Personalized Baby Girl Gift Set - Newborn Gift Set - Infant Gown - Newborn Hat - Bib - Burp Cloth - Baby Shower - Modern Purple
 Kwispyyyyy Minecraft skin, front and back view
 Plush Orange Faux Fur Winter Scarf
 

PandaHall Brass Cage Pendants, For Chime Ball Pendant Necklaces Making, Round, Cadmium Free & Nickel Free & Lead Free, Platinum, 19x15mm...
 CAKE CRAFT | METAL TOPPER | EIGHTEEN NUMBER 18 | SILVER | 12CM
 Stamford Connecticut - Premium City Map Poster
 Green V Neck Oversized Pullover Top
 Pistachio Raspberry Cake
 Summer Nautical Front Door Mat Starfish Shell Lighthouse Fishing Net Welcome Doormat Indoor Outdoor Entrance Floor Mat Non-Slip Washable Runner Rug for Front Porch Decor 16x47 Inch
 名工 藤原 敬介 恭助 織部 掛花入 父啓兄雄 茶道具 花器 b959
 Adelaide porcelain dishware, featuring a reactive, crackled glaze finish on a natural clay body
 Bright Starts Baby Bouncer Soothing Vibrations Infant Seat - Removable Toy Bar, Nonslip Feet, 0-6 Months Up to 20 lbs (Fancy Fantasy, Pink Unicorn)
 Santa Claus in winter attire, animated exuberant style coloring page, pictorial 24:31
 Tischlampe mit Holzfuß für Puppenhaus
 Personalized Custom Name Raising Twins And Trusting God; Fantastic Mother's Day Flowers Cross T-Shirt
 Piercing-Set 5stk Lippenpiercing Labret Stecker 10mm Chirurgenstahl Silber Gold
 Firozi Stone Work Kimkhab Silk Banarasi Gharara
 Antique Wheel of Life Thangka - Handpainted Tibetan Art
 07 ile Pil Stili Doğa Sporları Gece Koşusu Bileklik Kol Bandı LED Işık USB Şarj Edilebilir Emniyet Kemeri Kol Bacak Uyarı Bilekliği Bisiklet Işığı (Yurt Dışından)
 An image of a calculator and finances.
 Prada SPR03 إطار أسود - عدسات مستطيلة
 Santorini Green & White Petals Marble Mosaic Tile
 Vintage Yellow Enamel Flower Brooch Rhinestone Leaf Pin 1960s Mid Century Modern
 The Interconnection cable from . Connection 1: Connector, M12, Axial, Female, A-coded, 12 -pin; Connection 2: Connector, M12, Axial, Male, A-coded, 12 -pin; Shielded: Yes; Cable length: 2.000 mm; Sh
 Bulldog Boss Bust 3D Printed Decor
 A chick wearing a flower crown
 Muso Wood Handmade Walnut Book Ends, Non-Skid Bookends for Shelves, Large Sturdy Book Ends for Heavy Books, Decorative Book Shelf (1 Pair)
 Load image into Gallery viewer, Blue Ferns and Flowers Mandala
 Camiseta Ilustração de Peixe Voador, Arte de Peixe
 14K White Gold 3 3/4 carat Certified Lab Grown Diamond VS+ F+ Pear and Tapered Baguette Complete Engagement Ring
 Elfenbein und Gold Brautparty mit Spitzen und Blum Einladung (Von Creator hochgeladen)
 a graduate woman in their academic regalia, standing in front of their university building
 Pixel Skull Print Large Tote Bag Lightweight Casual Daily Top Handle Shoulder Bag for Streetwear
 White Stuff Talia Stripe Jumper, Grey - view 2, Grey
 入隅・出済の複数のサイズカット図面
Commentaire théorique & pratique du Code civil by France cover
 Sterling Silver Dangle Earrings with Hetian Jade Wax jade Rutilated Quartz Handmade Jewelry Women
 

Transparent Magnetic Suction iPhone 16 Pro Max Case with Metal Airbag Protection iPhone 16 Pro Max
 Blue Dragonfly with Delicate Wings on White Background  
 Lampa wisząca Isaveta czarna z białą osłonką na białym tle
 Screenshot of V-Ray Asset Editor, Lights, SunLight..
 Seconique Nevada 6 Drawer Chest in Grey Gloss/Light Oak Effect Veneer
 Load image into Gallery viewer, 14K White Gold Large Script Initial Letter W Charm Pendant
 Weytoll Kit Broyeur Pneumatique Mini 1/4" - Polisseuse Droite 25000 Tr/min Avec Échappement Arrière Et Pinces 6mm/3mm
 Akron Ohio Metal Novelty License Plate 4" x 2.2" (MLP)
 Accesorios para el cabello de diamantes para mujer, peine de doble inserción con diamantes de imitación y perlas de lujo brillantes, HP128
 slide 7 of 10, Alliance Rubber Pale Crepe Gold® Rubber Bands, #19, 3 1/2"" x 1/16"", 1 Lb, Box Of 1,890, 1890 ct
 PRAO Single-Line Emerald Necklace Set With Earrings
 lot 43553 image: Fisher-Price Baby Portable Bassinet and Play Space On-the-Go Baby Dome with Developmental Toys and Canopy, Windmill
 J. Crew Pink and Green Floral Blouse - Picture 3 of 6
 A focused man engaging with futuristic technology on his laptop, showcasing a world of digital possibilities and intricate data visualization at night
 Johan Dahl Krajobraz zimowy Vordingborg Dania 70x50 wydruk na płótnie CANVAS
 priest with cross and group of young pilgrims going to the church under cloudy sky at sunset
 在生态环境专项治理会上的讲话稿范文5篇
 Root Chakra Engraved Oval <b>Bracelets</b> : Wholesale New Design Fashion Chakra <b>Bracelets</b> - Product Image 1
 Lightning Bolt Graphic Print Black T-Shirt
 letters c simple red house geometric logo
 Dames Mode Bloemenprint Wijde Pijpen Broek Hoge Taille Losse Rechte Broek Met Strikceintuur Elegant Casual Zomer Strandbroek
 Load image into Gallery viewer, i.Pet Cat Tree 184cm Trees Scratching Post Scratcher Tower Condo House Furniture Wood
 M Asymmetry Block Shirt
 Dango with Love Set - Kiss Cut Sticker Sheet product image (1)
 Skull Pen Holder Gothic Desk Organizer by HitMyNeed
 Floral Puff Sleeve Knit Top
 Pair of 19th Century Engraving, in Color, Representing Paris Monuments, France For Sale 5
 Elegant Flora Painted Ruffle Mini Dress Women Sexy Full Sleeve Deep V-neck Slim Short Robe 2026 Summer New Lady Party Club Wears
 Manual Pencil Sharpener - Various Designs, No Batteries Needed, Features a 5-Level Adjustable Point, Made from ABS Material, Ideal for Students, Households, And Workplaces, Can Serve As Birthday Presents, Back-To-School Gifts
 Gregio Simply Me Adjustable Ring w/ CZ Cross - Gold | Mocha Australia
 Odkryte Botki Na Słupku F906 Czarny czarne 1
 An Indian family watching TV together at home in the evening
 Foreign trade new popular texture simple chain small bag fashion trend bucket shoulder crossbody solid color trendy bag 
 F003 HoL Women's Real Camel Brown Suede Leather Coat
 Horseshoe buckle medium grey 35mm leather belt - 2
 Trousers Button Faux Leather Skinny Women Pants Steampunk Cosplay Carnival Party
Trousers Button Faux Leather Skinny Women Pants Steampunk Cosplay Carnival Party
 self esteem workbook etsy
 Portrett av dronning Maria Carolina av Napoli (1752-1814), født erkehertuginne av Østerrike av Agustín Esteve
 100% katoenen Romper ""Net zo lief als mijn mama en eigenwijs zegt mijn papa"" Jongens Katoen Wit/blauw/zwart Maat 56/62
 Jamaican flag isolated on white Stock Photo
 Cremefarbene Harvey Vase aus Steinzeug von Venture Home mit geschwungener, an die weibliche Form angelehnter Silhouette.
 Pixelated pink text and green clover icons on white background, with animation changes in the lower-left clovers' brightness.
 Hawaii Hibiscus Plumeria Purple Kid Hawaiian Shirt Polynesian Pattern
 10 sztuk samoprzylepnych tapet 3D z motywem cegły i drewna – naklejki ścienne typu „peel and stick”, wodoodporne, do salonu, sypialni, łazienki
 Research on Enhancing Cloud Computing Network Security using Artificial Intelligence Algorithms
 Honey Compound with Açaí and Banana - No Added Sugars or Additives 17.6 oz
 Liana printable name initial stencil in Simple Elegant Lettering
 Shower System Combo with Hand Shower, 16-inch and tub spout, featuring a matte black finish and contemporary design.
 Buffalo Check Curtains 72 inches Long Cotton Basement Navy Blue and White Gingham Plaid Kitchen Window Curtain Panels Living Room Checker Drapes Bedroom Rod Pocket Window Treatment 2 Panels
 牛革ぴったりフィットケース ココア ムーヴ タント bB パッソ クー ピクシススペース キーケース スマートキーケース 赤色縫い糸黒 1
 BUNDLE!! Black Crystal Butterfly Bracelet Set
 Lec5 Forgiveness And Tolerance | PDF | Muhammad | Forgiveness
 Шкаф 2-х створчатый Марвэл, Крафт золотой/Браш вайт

========================================================================

Directions: Above are the lines; repeat exactly the ones from the line containing "07 ile Pil Stili" down to the line containing "Vintage Yellow Enamel", both inclusive.

Answer space:
 07 ile Pil Stili Doğa Sporları Gece Koşusu Bileklik Kol Bandı LED Işık USB Şarj Edilebilir Emniyet Kemeri Kol Bacak Uyarı Bilekliği Bisiklet Işığı (Yurt Dışından)
 An image of a calculator and finances.
 Prada SPR03 إطار أسود - عدسات مستطيلة
 Santorini Green & White Petals Marble Mosaic Tile
 Vintage Yellow Enamel Flower Brooch Rhinestone Leaf Pin 1960s Mid Century Modern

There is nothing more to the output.